Apple has published guidelines for programmers developing apps for iOS, placing very tight restrictions on any software that wants to perform iOs mining.
One of the first guidelines says:
“Design your app to use power efficiently. Apps should not rapidly drain the battery, generate excessive heat, or put unnecessary strain on device resources. Apps, including any third party advertisements displayed within them, may not run unrelated background processes, such as cryptocurrency mining.”
However, this is not the only mention of the term cryptocurrency; on the contrary, the word occurs many times in the “Business” part of the guidelines, with a chapter specifically dedicated to them, 3.1.5, where many points are made clear.
- There is the possibility to create wallets;
- There is a ban on mining apps, except in the cloud;
- Apps can operate with exchanges or facilitate exchange transactions;
- Offers from ICOs are accepted, but only from banks and other official and authorised institutions. This means that you can’t have apps that directly sell tokens from one or more ICOs;
- Apps must not require specific tasks to get tokens, including social networking activities.
These are very clear guidelines to protect your hardware.

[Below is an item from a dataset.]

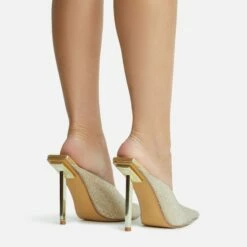 EGO All-That-Jazz Pointed Toe Metallic Stiletto Heel Mule In Gold Diamante -EGO Sales Store 2261 blk16164 copy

You don’t want owners of valuable Apple products to suffer damage from uncontrolled apps, especially mining.
Coinmint has calculated that even a simple mining operation with a card can use 1400 watts of energy, which is used by a hair dryer or a very powerful vacuum cleaner.
At this rate of use, there is a real possibility of damaging the batteries.
“Backdoor mining” is also banned, while access to exchange apps, such as the widespread Robinhood, is allowed. So if you want to create cryptocurrencies, you’d better equip yourself with specific computers, without iOS.